→ **WHAT IS NEEDED**
Output all of the records word for word and drop the images.
--- DATASET ENTRIES Enclosed Below ---
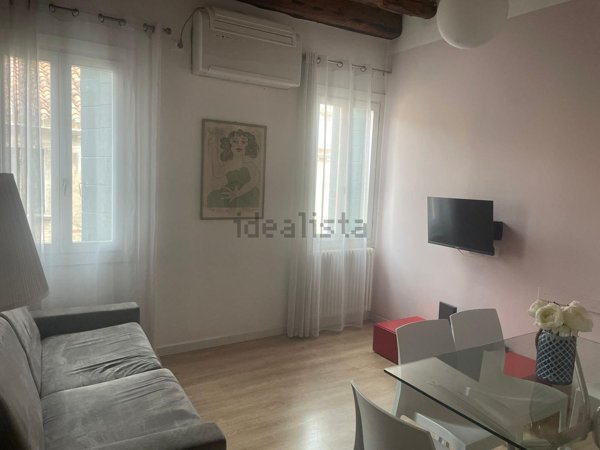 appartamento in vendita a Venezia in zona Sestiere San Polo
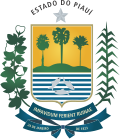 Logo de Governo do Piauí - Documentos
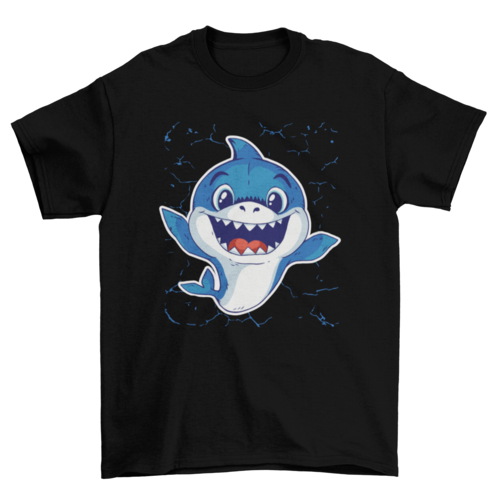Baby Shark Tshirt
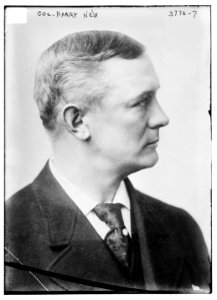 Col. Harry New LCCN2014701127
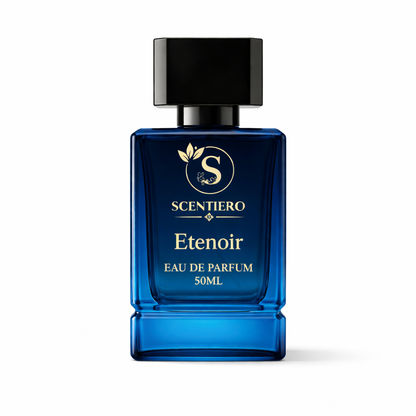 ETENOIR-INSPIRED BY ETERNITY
--- End of Enclosed DATASET ENTRIES ---
→ **THE ANSWER**
 appartamento in vendita a Venezia in zona Sestiere San Polo
 Logo de Governo do Piauí - Documentos
Baby Shark Tshirt
 Col. Harry New LCCN2014701127
 ETENOIR-INSPIRED BY ETERNITY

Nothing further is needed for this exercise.